How a celebrity chef turned into a social scientist

7th November, 2009

I do not count myself as one of Jamie Oliver’s army of fans, but after looking at the chirpy chef’s antics through the eyes of an economist, I am starting to acquire a grudging respect for him. Yes, the recipe books are all but unreadable, but his “school dinners” campaign has been surprisingly successful.

Oliver’s mission to persuade schools to serve healthier lunches – and get children to eat them, and stubborn mothers not to stuff chips through the school railings – became a national phenomenon in 2005. Tony Blair and David Cameron fell over themselves to jump on the Naked Chef’s bandwagon, and soon everyone in the country had an opinion on the campaign.

What caught the attention of Michele Belot and Jonathan James, though, was the way Oliver’s project had been implemented. Belot and James – economists at Nuffield College, Oxford, and at the University of Essex respectively – noted that the campaign had created a near-perfect experiment. The chef had convinced Greenwich’s council and schools to change menus to fit his scheme; he mobilised resources, provided equipment and trained dinner ladies. Other London boroughs with similar demographics received none of these advantages – and indeed, because the programme wasn’t broadcast until after the project was well under way, probably knew little about it. The result was a credible pilot project. It wasn’t quite up to the gold standard of a randomised trial, but it wasn’t far off.

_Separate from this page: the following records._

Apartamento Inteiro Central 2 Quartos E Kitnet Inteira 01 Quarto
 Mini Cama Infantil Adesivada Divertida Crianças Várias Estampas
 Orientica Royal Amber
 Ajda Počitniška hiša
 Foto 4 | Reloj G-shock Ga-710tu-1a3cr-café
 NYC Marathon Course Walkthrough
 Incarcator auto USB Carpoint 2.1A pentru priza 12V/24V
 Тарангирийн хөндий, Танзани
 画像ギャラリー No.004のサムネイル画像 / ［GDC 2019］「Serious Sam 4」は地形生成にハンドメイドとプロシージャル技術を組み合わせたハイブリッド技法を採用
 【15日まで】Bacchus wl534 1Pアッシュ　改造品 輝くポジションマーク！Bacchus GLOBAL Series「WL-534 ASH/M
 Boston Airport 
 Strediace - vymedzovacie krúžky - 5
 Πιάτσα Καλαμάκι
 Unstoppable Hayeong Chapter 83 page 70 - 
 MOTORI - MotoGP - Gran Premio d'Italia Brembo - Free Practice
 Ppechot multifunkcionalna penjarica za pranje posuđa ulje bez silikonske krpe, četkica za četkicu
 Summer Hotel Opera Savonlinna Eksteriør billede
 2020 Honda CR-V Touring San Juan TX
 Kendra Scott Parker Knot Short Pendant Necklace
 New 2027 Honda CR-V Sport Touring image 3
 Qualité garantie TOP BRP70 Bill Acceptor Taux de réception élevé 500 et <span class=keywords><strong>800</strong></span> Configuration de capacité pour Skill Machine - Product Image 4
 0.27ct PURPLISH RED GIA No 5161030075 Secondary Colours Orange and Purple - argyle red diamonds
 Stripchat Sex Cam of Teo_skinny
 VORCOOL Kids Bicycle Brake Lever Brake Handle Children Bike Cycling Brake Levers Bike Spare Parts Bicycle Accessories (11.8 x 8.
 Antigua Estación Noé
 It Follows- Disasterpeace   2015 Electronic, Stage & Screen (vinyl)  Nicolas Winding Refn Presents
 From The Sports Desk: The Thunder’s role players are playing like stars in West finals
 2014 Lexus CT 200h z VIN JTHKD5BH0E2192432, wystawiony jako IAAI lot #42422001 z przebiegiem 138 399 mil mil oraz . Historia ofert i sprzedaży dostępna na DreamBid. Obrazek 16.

Thanks to the UK’s exhaustive school testing regime, Belot and James were able to track pupils’ performance in some detail. They concentrated on primary schools, figuring that secondary school pupils could (and probably would) avoid eating school lunches that were too worthy. (This is surely correct. My own habitual sixth-form lunch was four bars of chocolate – a pound a day well spent.)

Their answer – a provisional one, since they are still refining the research – is that feeding primary school kids less fat, sugar and salt, and more fruit and vegetables, has a surprisingly large effect. Authorised absences, the best available proxy for illness, fell by 15 per cent in Greenwich, relative to schools in similar London boroughs. And relative to other boroughs, the proportion of children reaching Level Four in English rose by four and a half percentage points (more than six per cent), while the proportion of children achieving Level Five in Science rose by six points, or almost 20 per cent. There is some uncertainty about these numbers: they could be substantially smaller or larger. There is not much that can be said with confidence about scores in other subjects, or other achievement levels – although the academic benefits of the Greenwich lunches appear to be positive, if tentatively so, in almost every case.

Obviously that discovery is important in its own right. Jamie Oliver was correct to emphasise the importance of feeding schoolchildren good food. But the whole episode matters for another reason. Too often, critical scrutiny of what works and what doesn’t in our society has been replaced by a pure emotional response. (Type “fat-tongued mockney” into Google and you’ll see what I mean, although some of the results are not for the faint-hearted.) Oliver is viewed either as a cheeky, lovable saint who has saved the nation’s children from a fate worse than death, or as a corpulent hypocrite in love with his supermarket advertising contracts.

Both points of view are lazy. Surely what counts is that a new idea was tried out on a respectable scale, and now we have a chance to figure out whether it worked. What astonishes me is that it took a television company and a celebrity chef to carry out a proper policy experiment.